Ye shall know them by their fruits

This verse is taken from:
Matthew 7. 15-29
Thought of the day for:
10 January 2025

It has ever been the object of Satan to imitate what is of God, and the New Testament gives many warnings of the coming of those who are false: false prophets, false Christs, false apostles, false brethren, and false teachers, Matt. 24. 24; 2 Cor. 11. 13, 26; 2 Pet. 2. 1. To these we can add the warning of Paul who, writing of the last days said, ‘Evil men and seducers shall wax worse and worse’, 2 Tim. 3. 13. How timely then the call with which today’s reading begins, ‘Beware’!

Speaking of ‘false prophets’, the Lord indicated how easy it is to be deceived. Such men act subtly, coming in ‘sheep’s clothing’ when in nature and character they are ‘ravening wolves’. Later, when commissioning the twelve the Lord said, ‘I send you forth as sheep in the midst of wolves’, Matt. 10. 16. The false prophets present themselves as ‘sheep’, men called and sent by the Lord, but it is only a mask. In reality they are like greedy wolves, seeking unsuspecting victims to catch and devour. But how can we identify them if their true character is veiled? There is something that cannot be hid - the character of the fruit they produce, Matt. 7. 16, 20. In the world of horticulture the nature of the fruit corresponds to the nature of the plant or tree that produced it, a principle that goes back to creation when the earth brought forth ‘herb yielding seed after his kind, and the tree yielding fruit whose seed was in itself, after his kind’, Gen. 1. 12. Applying the Lord’s teaching, expecting to receive what is edible and wholesome from false prophets is akin to looking for grapes on thorns, or figs on thistles.

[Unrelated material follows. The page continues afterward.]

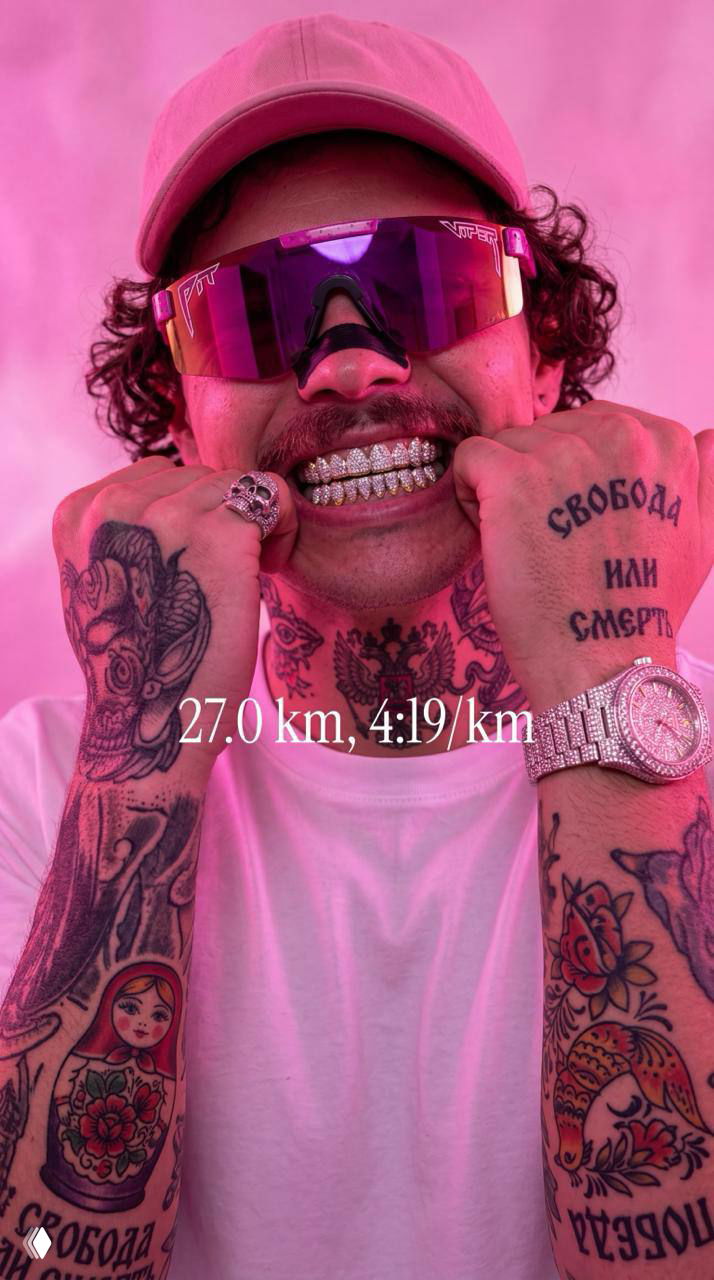 Крупный план мужчины в розовой кепке и зеркальных очках, он показывает зубы с украшением, фон подсвечен розовым — модный, насыщенный портретный кадр.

The false prophet is represented by things that are a result of the fall, thorns and thistles, and by a corrupt tree in which the foliage might be abundant, but the fruit bad. Thus it is with these unregenerate prophets. Just as corrupt trees are dispensed with, so the false prophet is to be rejected, Matt. 7. 19. Any man can confess ‘Lord, Lord’, but the evidence of reality will be seen in such departing from iniquity, vv. 21-23; 2 Tim. 2. 19.

Because there are spiritual imposters we must act wisely towards all who approach us claiming to be servants of the Lord, for sometimes appearances can be deceiving.